* What is required *
Word for word, retype the lines from the one containing "手机端买世界杯竞猜时需要注意哪些安全问题和使用体验？" to the one containing "Van Gogh Starry" below, keeping both end lines and dropping the pictures.

* Available records *
————

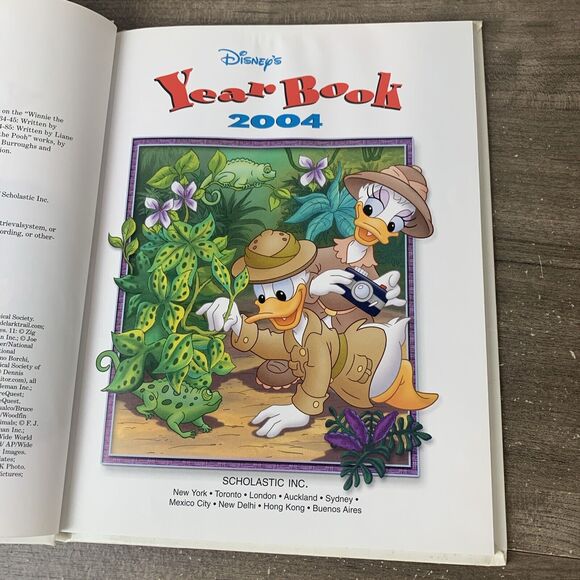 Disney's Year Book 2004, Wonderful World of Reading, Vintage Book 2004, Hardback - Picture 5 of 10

————

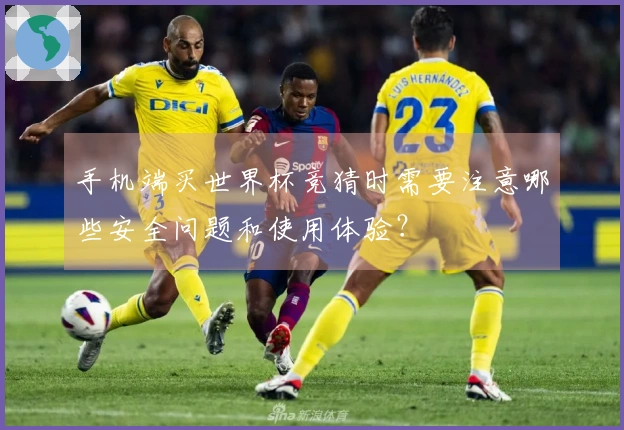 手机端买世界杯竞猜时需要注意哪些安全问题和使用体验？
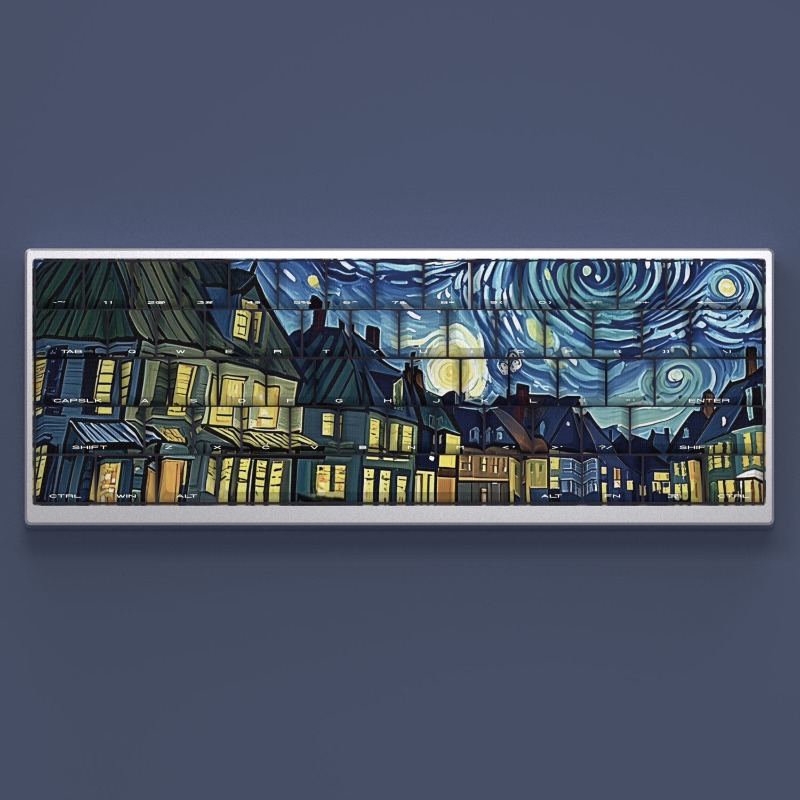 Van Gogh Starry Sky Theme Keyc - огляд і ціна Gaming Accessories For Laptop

————

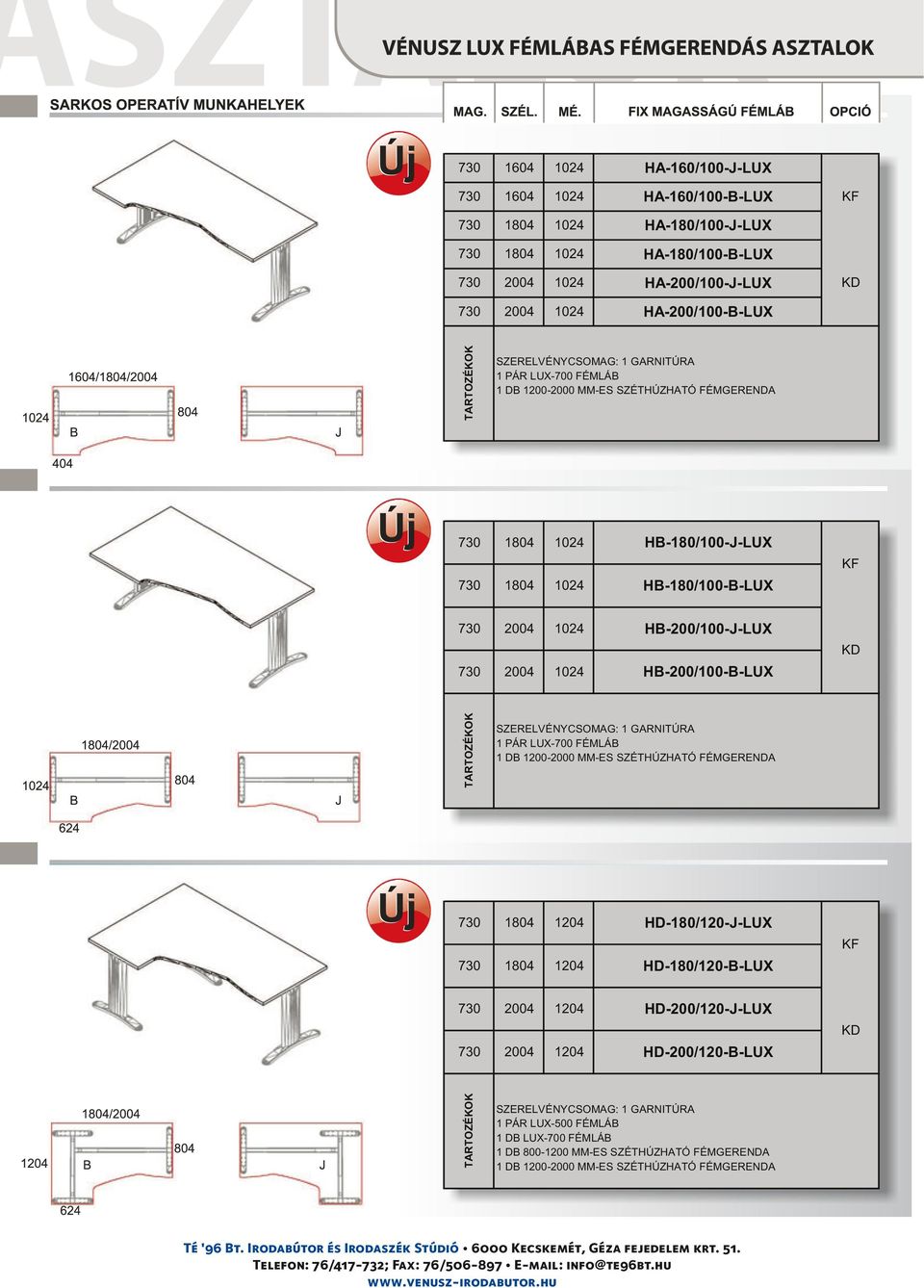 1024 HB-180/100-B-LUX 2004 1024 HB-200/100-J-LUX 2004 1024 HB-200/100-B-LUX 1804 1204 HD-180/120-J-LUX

————

* Your solution *
 手机端买世界杯竞猜时需要注意哪些安全问题和使用体验？
 Van Gogh Starry Sky Theme Keyc - огляд і ціна Gaming Accessories For Laptop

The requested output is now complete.